Work required =>
Copy exactly the stretch of lines from the one holding "ShopNaclo.com" through the last line of the data below, inclusive. Leave out pictures.

Records to process =>
== Segment start ==

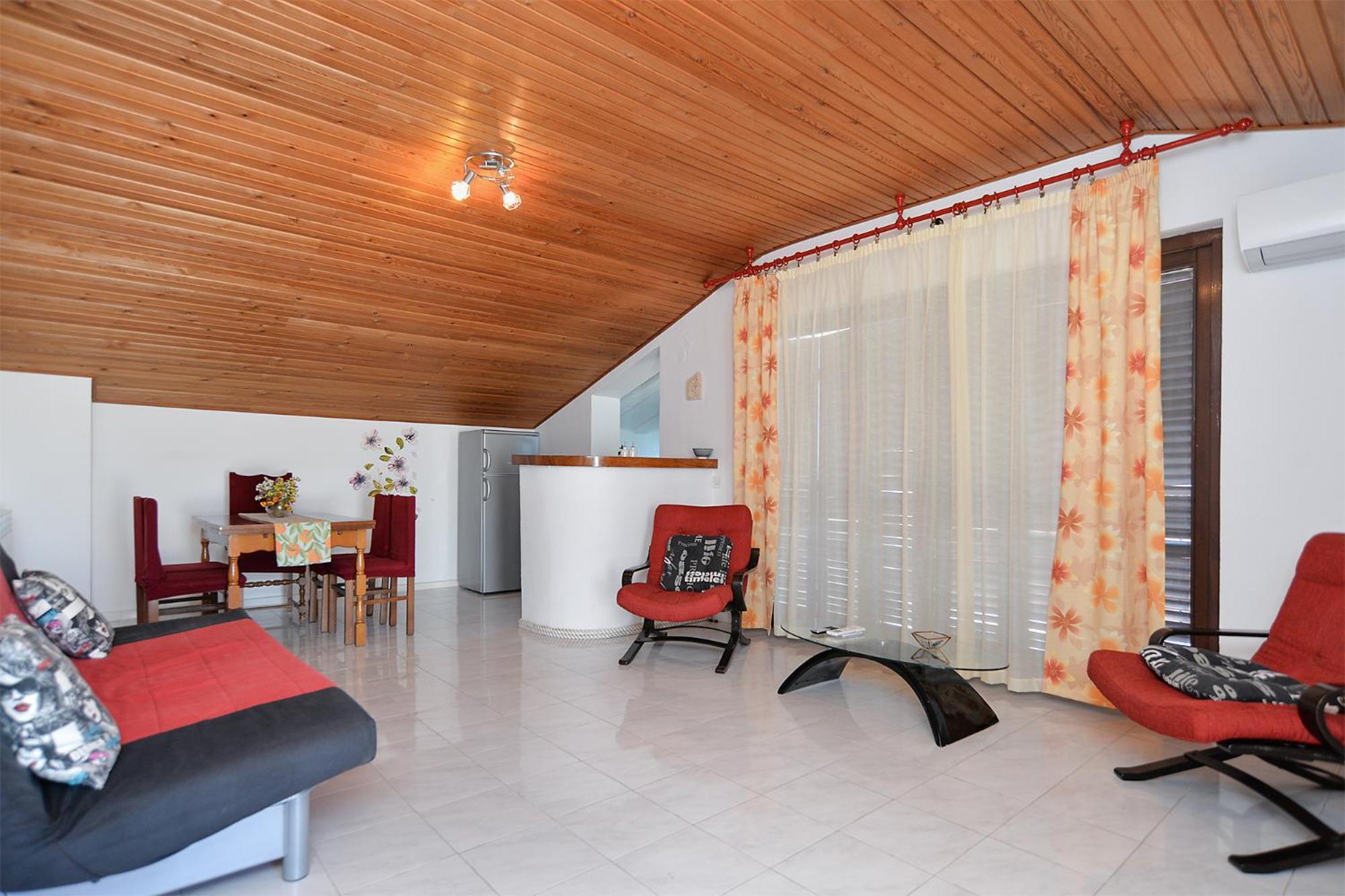Apartments Nera Fažana Esterno foto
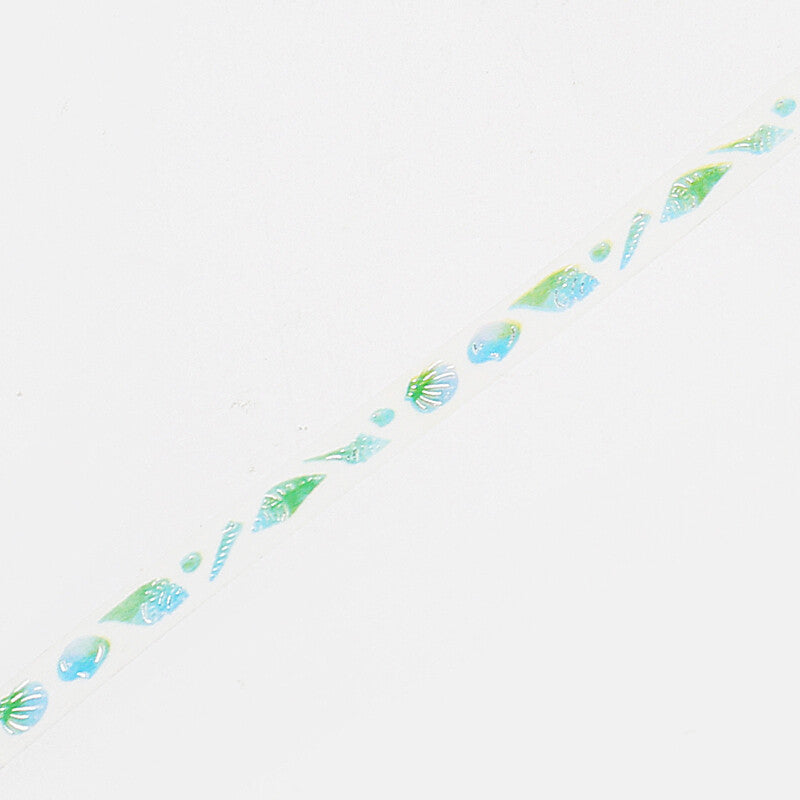 Slim Washi Tape - Sells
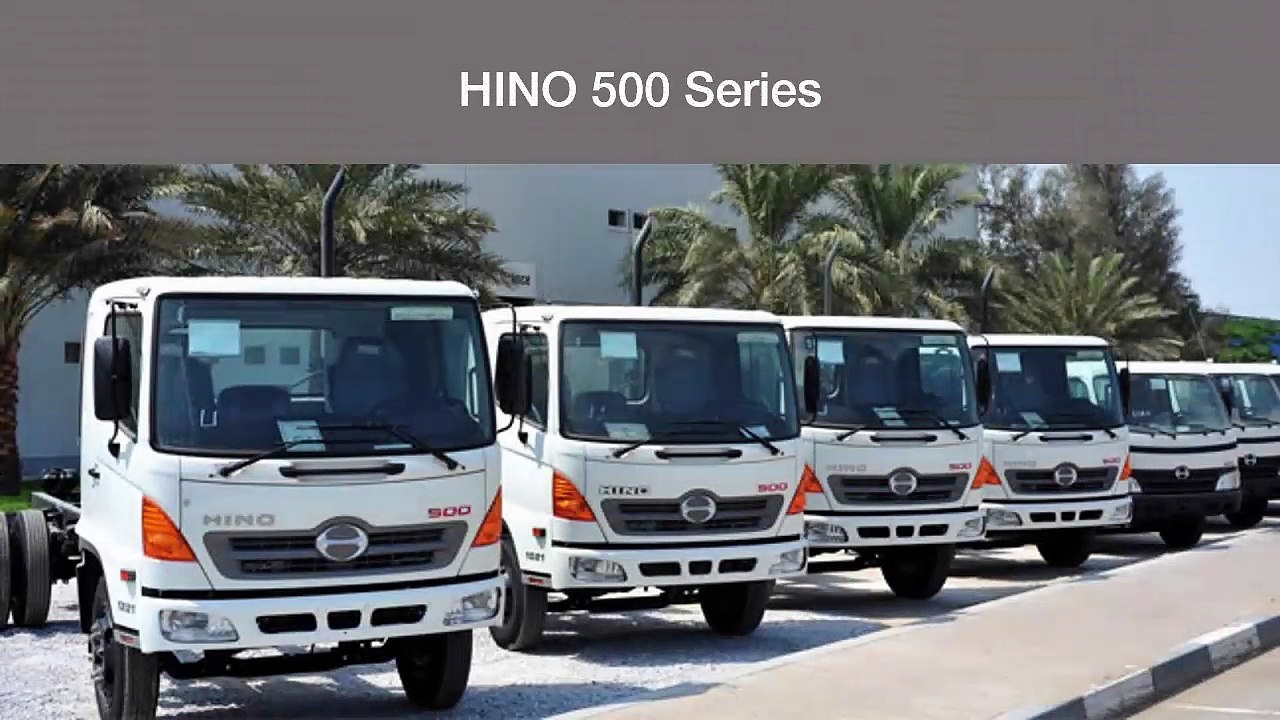 The Best Truck - UAE Locals Share Tips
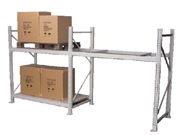 Steel Shelves HSS-180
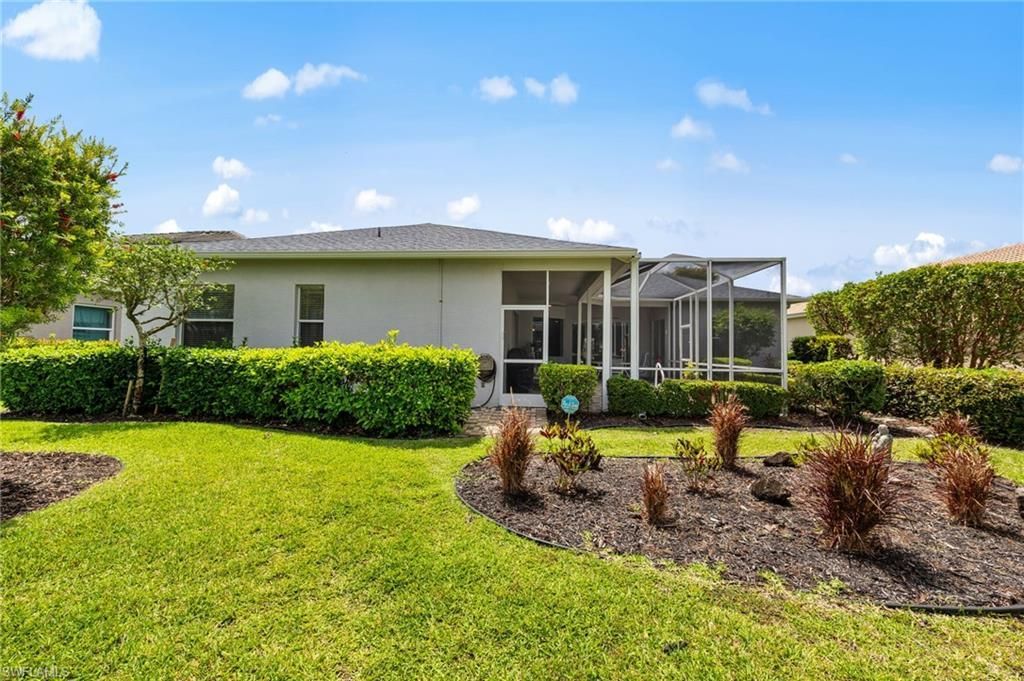 11451 Pembrook Run , Estero, FL 33928 Photo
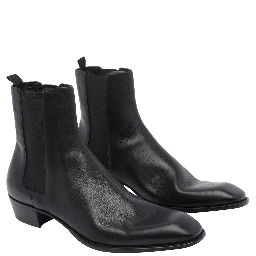 Saint Laurent   Black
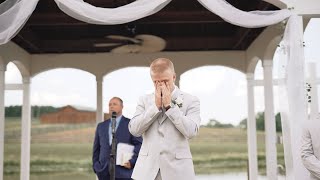 Kenzie & DJ Teaser | Lingow Farm, PA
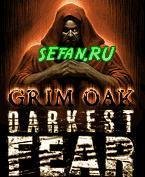 Darkest Fear 2 Grim Oak (240x320)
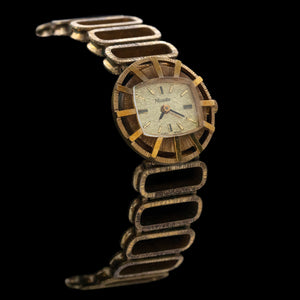 Nivada - Vintage Bracelet Watch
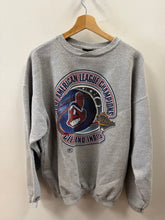 Load image into Gallery viewer, Cleveland Indians Crewneck Sweatshirt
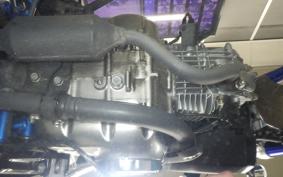 HONDA MONKEY 125 2024 JB02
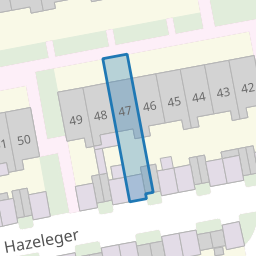 Perceel CUI00-C-5312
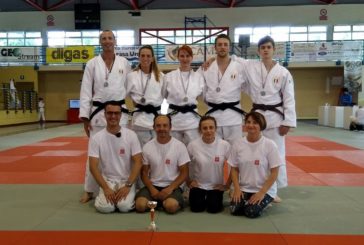 Judo Cus: Altri punti importanti per Andrea Ferretti a Belgrado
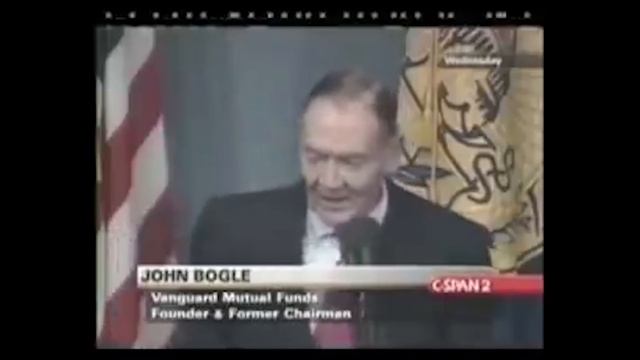 Should You Buy Stocks NOW Or Wait? | Jack Bogle’s Advice смотреть онлайн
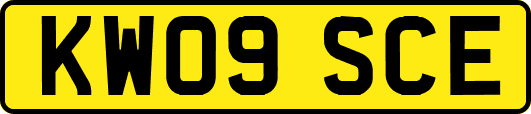 KW09SCE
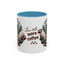 Animal Mug - Dog Coffee Wrap 25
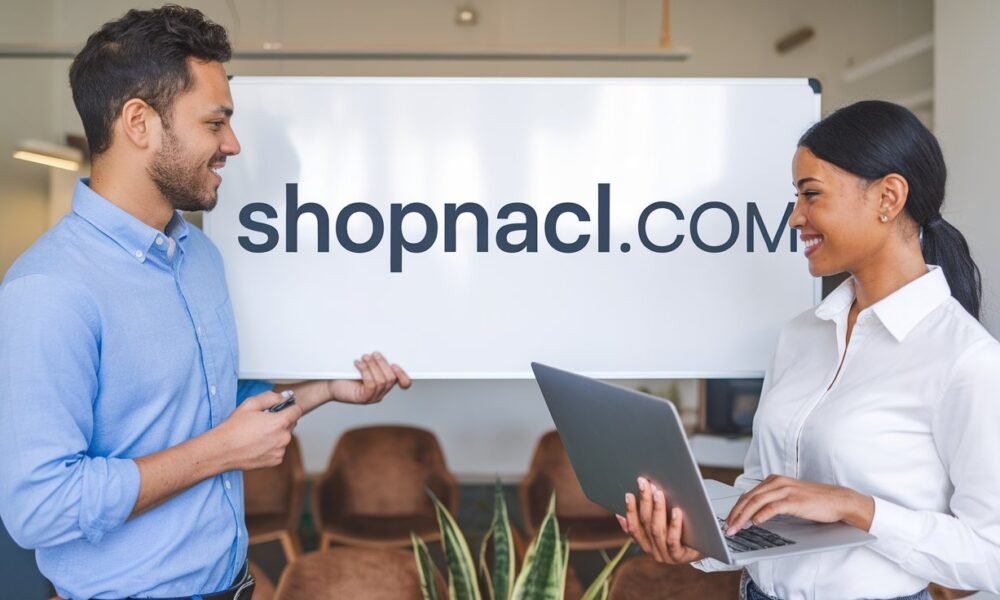 ShopNaclo.com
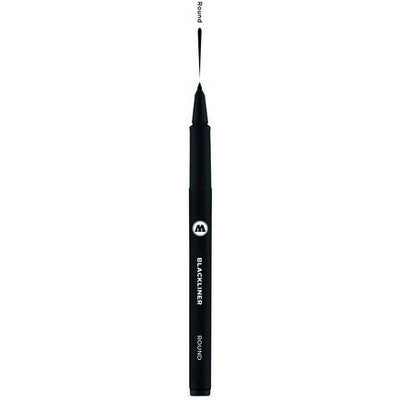 Molotow BLACKLINER Pens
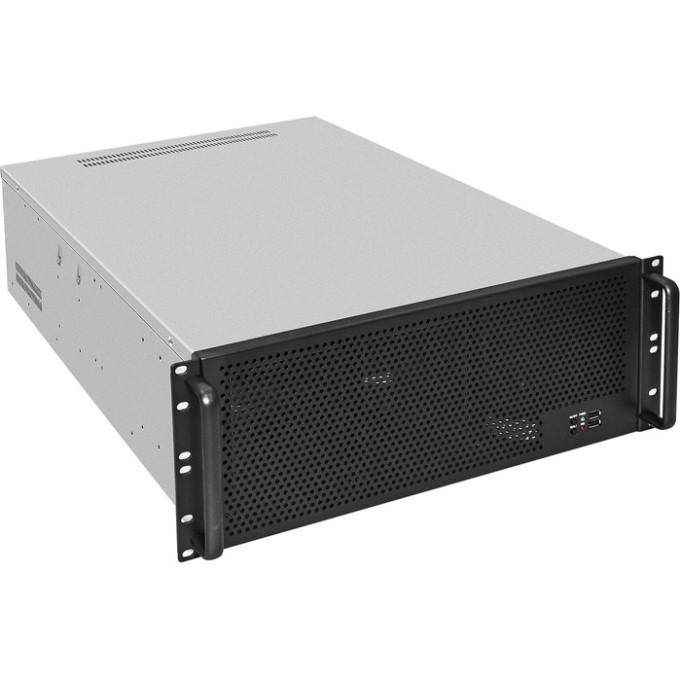 Серверный корпус EXEGATE PRO 4U650-18 БП 1000PAS EX300109RUS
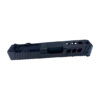 Glock 26 Complete Upper-Black/Black (front cut)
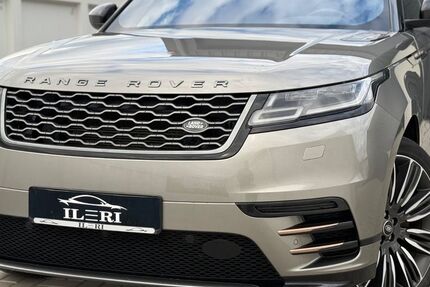 Land Rover Range Rover Velar 87.601 km 40.990 € Ransbach-Baumbach 56235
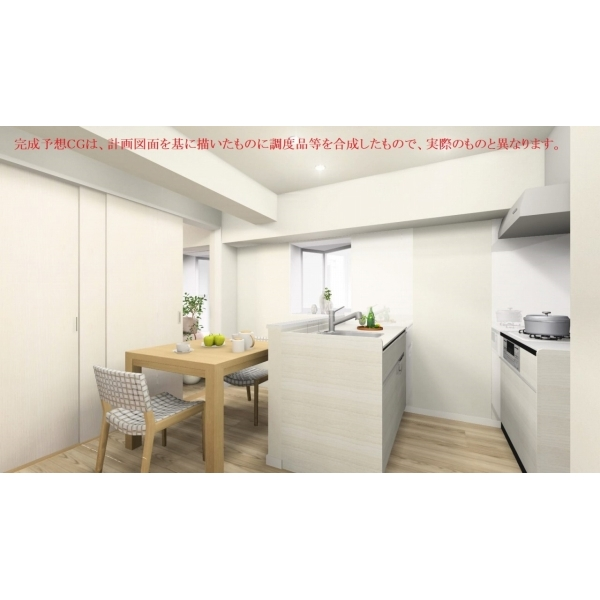 サンサーラ新小岩 その他画像
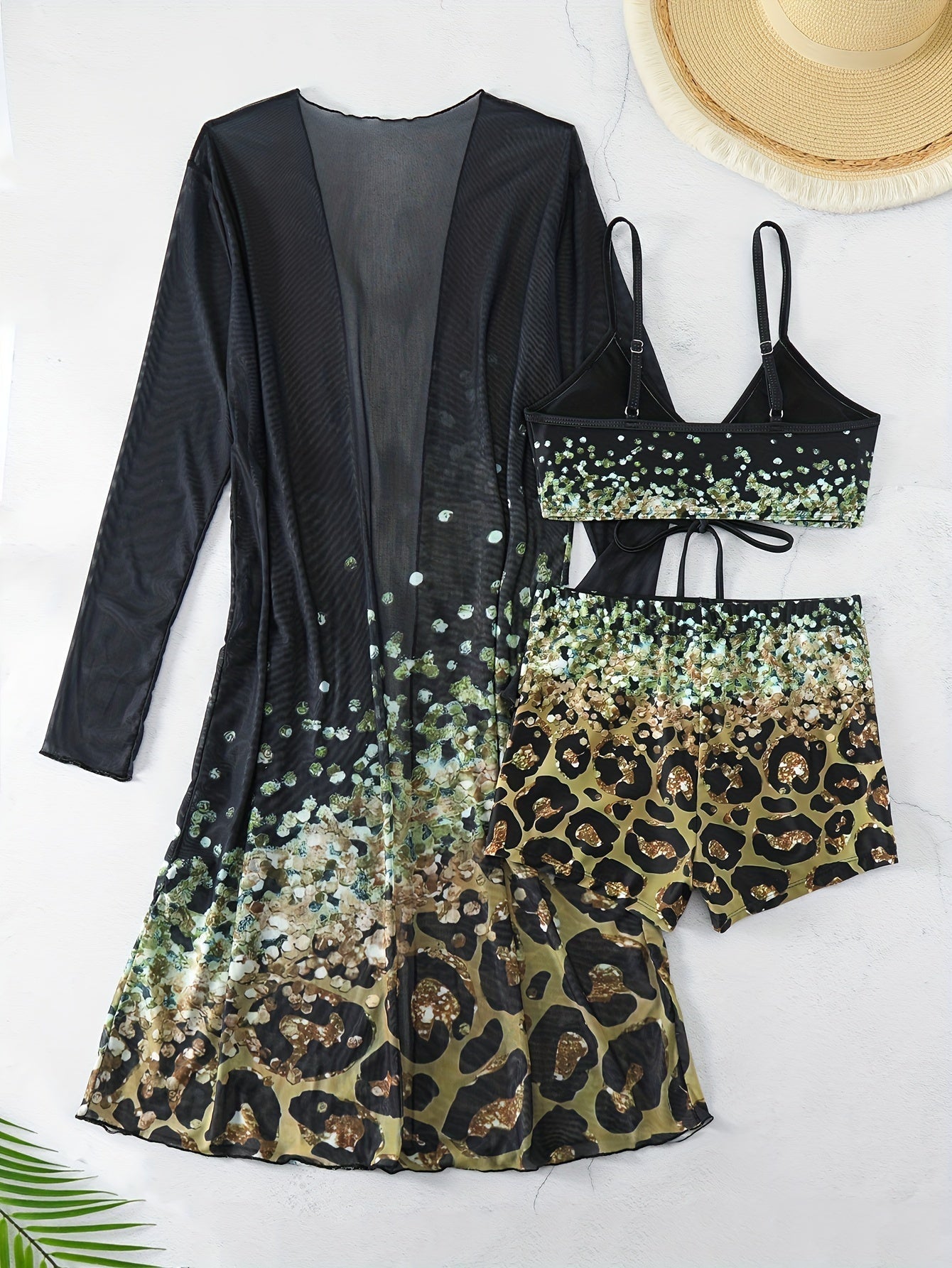 Stina | Schicker und vielseitiger Sommer-Bikini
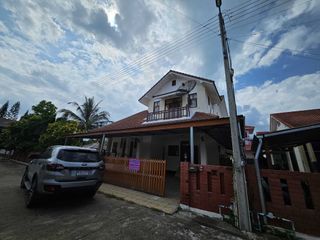 For sale 4 Beds house in Sam Roi Yot, Prachuap Khiri Khan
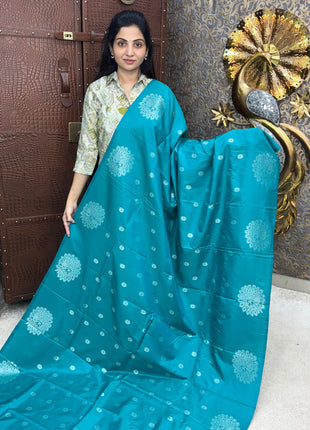 Soft Silk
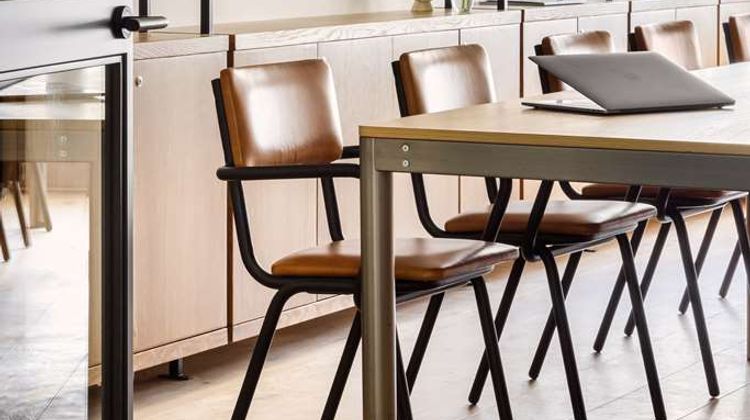 Hyatt Centric Cambridge Meeting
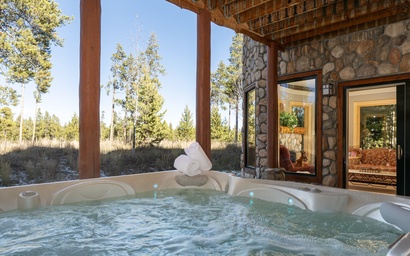 144 Rainbow - Fairways at Pole Creek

== Segment end ==

Solution below =>
 ShopNaclo.com
 Molotow BLACKLINER Pens
 Серверный корпус EXEGATE PRO 4U650-18 БП 1000PAS EX300109RUS
 Glock 26 Complete Upper-Black/Black (front cut)
 Land Rover Range Rover Velar 87.601 km 40.990 € Ransbach-Baumbach 56235
 サンサーラ新小岩 その他画像
 Stina | Schicker und vielseitiger Sommer-Bikini
 For sale 4 Beds house in Sam Roi Yot, Prachuap Khiri Khan
 Soft Silk
 Hyatt Centric Cambridge Meeting
 144 Rainbow - Fairways at Pole Creek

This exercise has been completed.